柔らかく軽妙に洒落をきかせながら、思わぬタイミングで心にくるユーモアミステリの傑作。〈覆面作家シリーズ〉最終作である。
推理小説雑誌の編集者である岡部良介と、覆面作家でありながら豪邸に住む御令嬢の新妻千秋。毎度起きる奇妙な事件を千秋さんに話すと見事に解決してしまう。そして高野文子さんの挿絵はこの作品によくあっている。











ネタバレ有りで感想を語ります。

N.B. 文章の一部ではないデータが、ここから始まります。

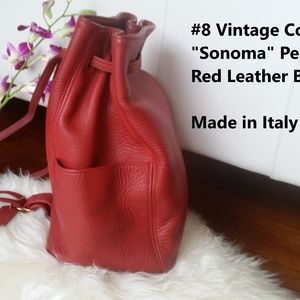 Vintage Coach Sonoma Red Pebbled Leather Backpack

未読の方は読んでから見てください。










千秋さんにより終盤に語られる〈論〉は人を慮る気持ちに溢れていて、それを良介が受け止めて、同じくらいの気持ちで返す。それができるから自然に恋愛へ展開されるのだと思います。前作「愛の歌」ので千秋さんが悩んでいた時に心に寄り添った良介なのだから二人が結ばれたのだと思います。

「覆面作家と謎の写真」
元恋人との思い出の写真を残しておきたい。本の間に挟んだりしたら、いかにも悪いことみたい。そうじゃなくて、同じ季節・場所に行った思い出をもう一度作りその中に一年前の写真を紛れさせる。他人から見れば違和感はなく自分だけが思い出に浸れるはずだった。

「覆面作家、目白を呼ぶ」
さっき会っていた人が突然運転を乱し崖から落ちて亡くなった。
その人はスズメバチに刺されたことがありアナフィラキシーショックを恐れてパニックになったのだ。
加害者はその人とお金のことですれ違いが起き、その人に損をさせてしまった。顔を合わせる度に気を病み、旦那にも分かって貰えなかった。弱さを受け入れてくれない旦那だった。

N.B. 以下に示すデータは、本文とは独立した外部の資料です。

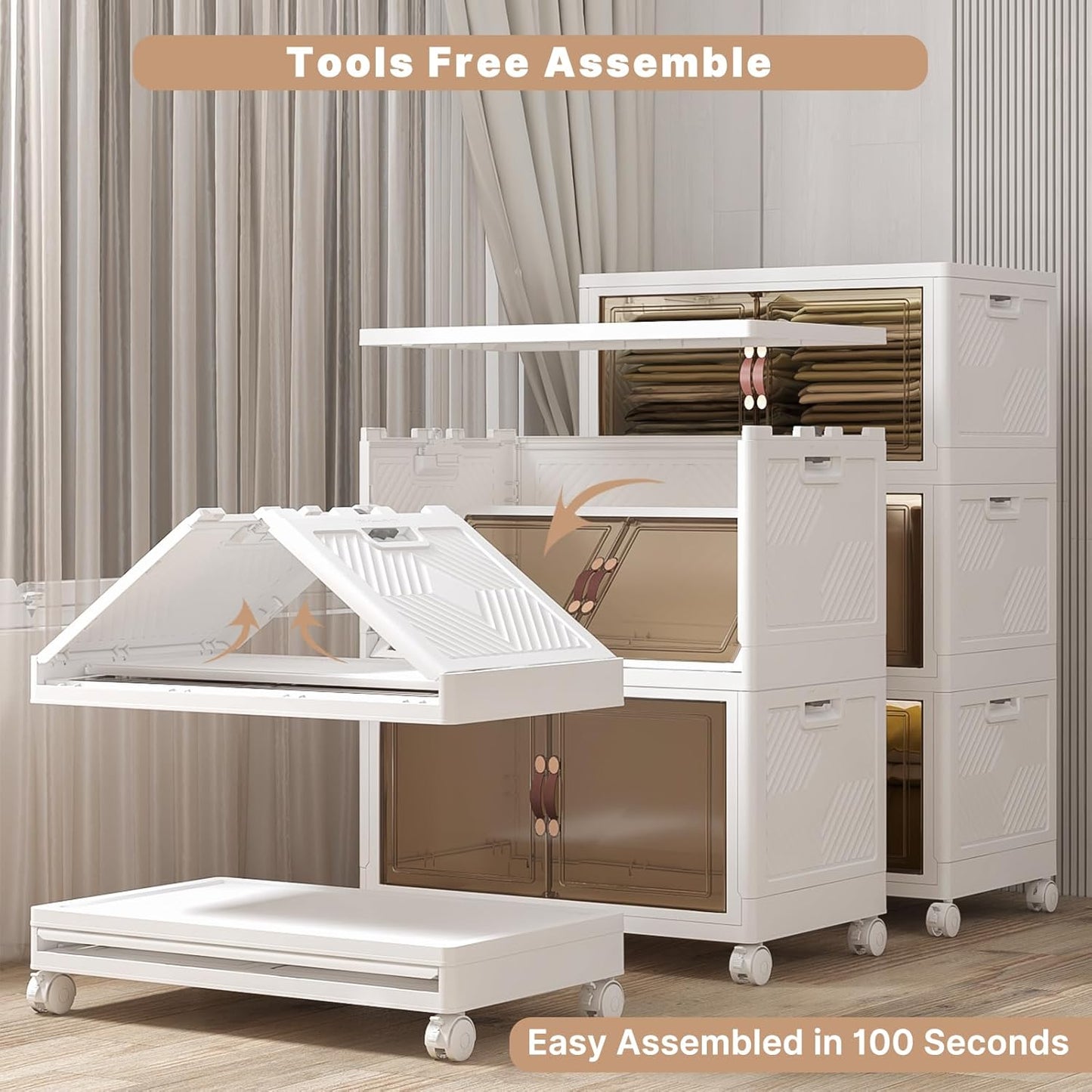 Extra Large Stackable Storage Bins with Lids and Wheels, Foldable Collapsible Closet Organizers,504QT-168QT/42GAL*3Pack Plastic Stackable Storage drawers for bedroom Dorm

「旦那が奥さんの立場になれる人だったら、こんな事件は起きなかったろうな」


「覆面作家の夢の家」
「愛の歌」ではとても小さな椅子を千秋さんが見せた。そのお返しにドールハウスを見せた良介。
ある作家先生とその友達の間でドールハウスを舞台にして殺人が起きたとしてダイイングメッセージを残したという〈問題〉が実際に作られていた。
その暗号は言わないが、それは出題者から解答者への愛を複雑に伝えていた。
その後良介は、千秋さんに愛を伝え
千秋さんは、ただ「良介さん......」と答えた。
新妻邸では岡部さん、その外ではリョースケ、となるのがいつもなのに。

「お屋敷でもない、外でもない。きみは、どこにいるんだい」
「ここ。......わたしの家に」

覆面作家である千秋さんは良介と結ばれることを望んでいた。それが夢だった。そして今まさしく〈夢の家〉に入った。